The running fight over gay marriage is shifting from the ballot box to the Supreme Court.
Three weeks after voters backed same-sex marriage in three states and defeated a ban in a fourth, the justices are meeting Friday to decide whether they should deal sooner rather than later with the claim that the Constitution gives people the right to marry regardless of sexual orientation.
The court also could duck the ultimate question for now and instead focus on a narrower but still important issue: whether Congress can prevent legally married gay Americans from receiving federal benefits otherwise available to married couples.
The court could announce its plans as soon as Friday afternoon. Any cases probably would be argued in March, with a decision expected by the end of June.

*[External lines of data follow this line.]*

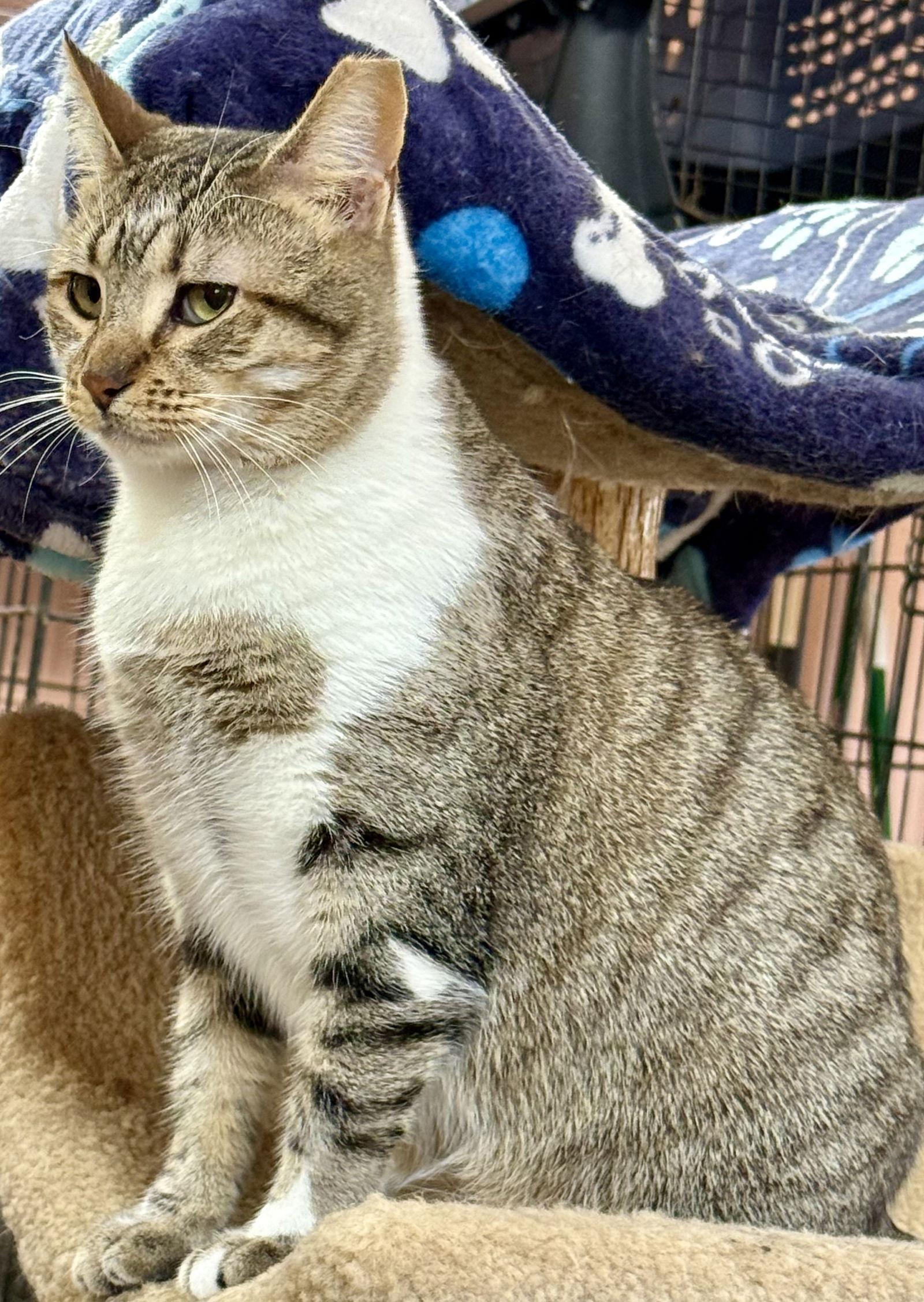 Enlarge Autumn, a Adopted Domestic Short Hair in Maywood, IL image 1/3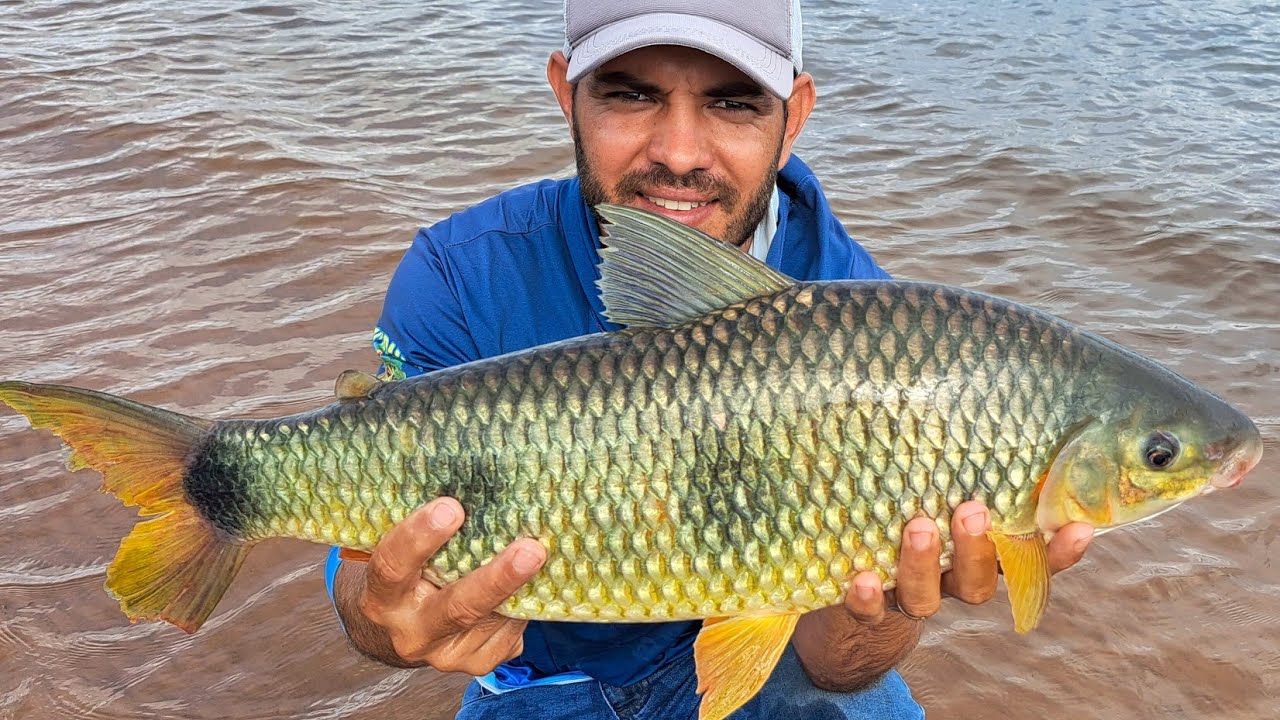 PIAPARA GIGANTE , ACERTAMOS O CARDUME E FOI PIAPARA , PIAUÇU E PIAU 3 PINTAS PRA TODO LADO/PESCARIA.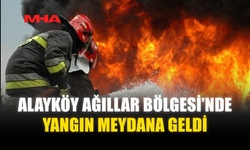 ALAYKÖY AĞILLAR BÖLGESİ’NDE YANGIN MEYDANA GELDİ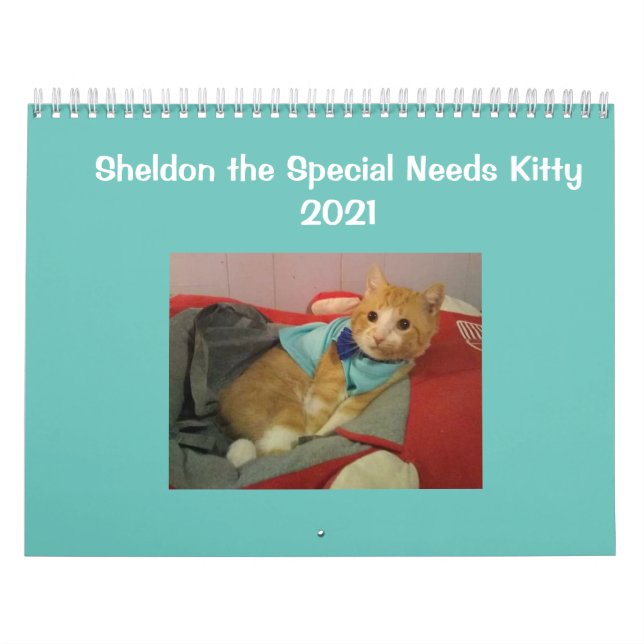 2021 Sheldon-Kalender Kalender (Titelbild)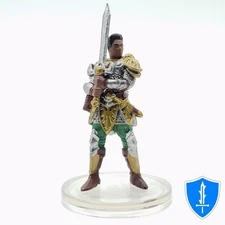 Sundar the Bold - Stranger Things #4 Heroes of Hellfire D&D Knight Miniature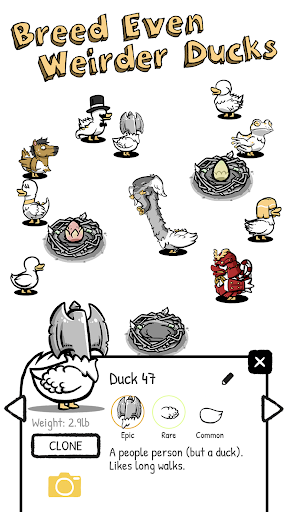 Clusterduck_13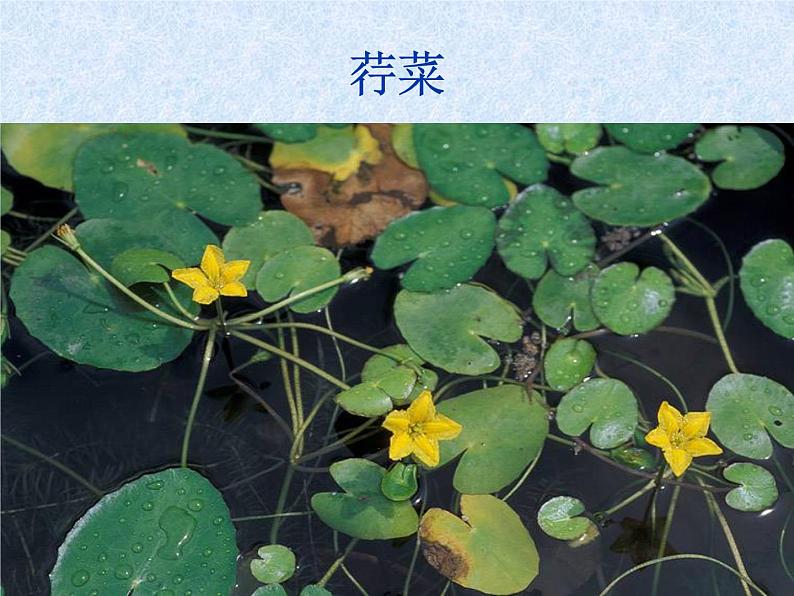 人教部编版语文八年级下册12诗经两首《关雎》公开课《蒹葭》公开课ppt课件（17页）第8页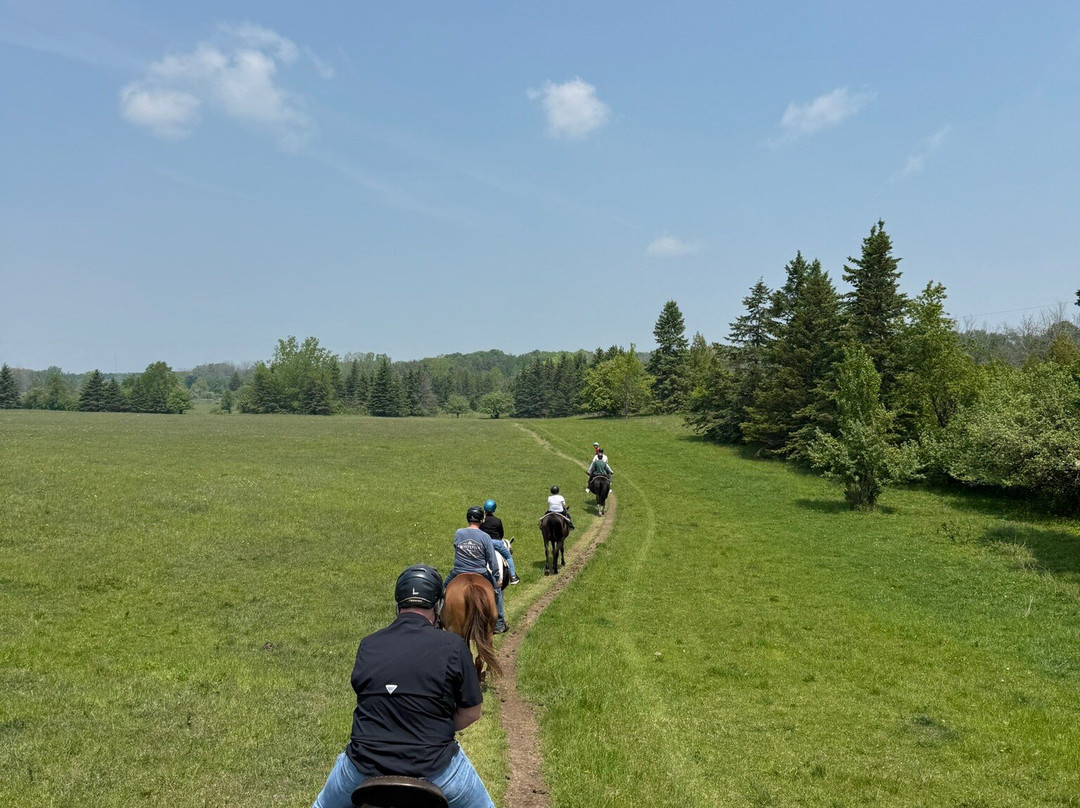 Kurtz Corral-斯特金贝必去景点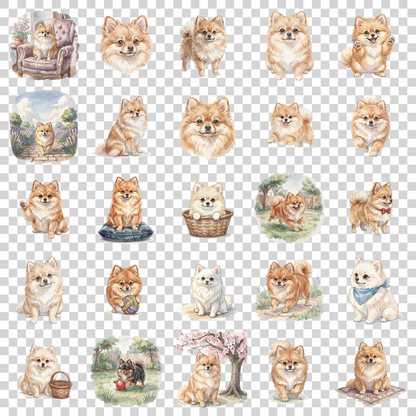 pomeranian-transparent.png
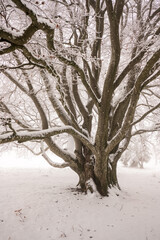 Winterlandschaft im Wald in Deutschland 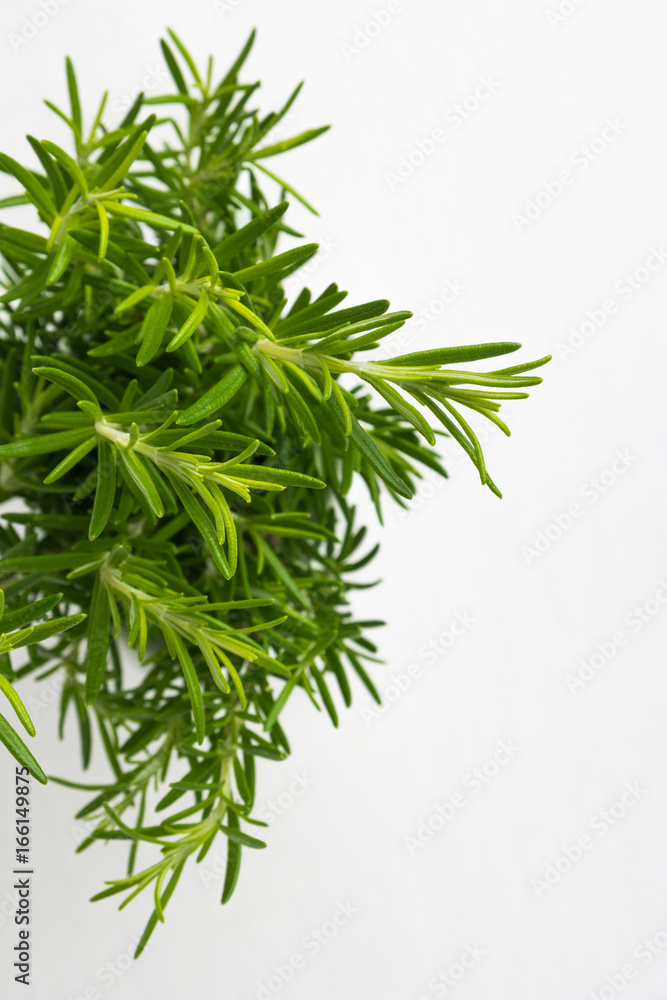 Fresh thyme herb. Fresh organic flavoring thyme plants growing. Fresh thyme herb. Fresh organic flavoring thyme plants growing.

Gay marriage is legal, or will be soon, in nine states — Connecticut, Iowa, Maine, Maryland, Massachusetts, New Hampshire, New York, Vermont, Washington — and the District of Columbia. Federal courts in California have struck down the state's constitutional ban on same-sex marriage, but that ruling has not taken effect while the issue is being appealed.
Voters in Maine, Maryland and Washington approved gay marriage earlier this month.
But 31 states have amended their constitutions to prohibit same-sex marriage. North Carolina was the most recent example in May. In Minnesota earlier this month, voters defeated a proposal to enshrine a ban on gay marriage in that state's constitution.